SOURCE RECORDS
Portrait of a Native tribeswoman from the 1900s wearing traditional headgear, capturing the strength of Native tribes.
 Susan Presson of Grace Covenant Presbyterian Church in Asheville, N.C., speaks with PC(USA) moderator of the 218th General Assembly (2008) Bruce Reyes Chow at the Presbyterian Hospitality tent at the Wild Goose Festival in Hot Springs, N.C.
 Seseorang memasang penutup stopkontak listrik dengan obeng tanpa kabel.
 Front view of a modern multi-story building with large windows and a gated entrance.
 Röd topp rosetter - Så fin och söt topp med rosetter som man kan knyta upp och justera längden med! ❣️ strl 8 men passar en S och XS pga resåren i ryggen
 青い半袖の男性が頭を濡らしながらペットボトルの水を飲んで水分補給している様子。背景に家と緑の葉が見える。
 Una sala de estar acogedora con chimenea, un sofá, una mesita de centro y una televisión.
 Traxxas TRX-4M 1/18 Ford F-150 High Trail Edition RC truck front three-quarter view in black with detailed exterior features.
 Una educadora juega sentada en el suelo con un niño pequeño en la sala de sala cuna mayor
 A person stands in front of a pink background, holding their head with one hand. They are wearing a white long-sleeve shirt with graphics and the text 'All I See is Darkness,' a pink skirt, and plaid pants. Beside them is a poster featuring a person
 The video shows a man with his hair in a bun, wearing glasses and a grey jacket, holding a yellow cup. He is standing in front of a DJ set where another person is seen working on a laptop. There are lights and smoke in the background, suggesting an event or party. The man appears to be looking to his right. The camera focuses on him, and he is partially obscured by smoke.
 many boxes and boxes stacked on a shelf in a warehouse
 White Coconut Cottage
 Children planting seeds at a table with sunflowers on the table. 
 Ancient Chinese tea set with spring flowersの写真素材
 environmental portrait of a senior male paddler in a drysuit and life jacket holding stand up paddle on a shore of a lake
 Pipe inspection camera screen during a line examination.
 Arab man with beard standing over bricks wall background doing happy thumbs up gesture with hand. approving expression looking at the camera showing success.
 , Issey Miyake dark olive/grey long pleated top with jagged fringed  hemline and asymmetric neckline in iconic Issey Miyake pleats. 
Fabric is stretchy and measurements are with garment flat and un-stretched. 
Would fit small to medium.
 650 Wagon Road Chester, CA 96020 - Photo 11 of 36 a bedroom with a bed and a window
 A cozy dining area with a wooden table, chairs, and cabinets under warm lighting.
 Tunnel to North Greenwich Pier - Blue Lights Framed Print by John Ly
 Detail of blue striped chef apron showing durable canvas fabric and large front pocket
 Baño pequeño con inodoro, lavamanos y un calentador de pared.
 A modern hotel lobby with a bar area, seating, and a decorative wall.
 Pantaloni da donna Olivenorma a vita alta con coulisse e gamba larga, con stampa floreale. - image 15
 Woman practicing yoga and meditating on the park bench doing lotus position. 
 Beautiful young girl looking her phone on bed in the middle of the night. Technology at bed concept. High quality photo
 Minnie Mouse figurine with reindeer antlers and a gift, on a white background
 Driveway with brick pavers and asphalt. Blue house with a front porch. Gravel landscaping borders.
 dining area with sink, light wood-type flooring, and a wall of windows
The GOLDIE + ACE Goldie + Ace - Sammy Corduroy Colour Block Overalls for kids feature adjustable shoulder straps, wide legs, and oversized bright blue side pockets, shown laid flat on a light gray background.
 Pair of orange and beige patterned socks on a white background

EXERCISE PROMPT
Scan the data above for the word "doing" and report every line where it is found.

REPLY TO THE EXERCISE
 Arab man with beard standing over bricks wall background doing happy thumbs up gesture with hand. approving expression looking at the camera showing success.
 Woman practicing yoga and meditating on the park bench doing lotus position. 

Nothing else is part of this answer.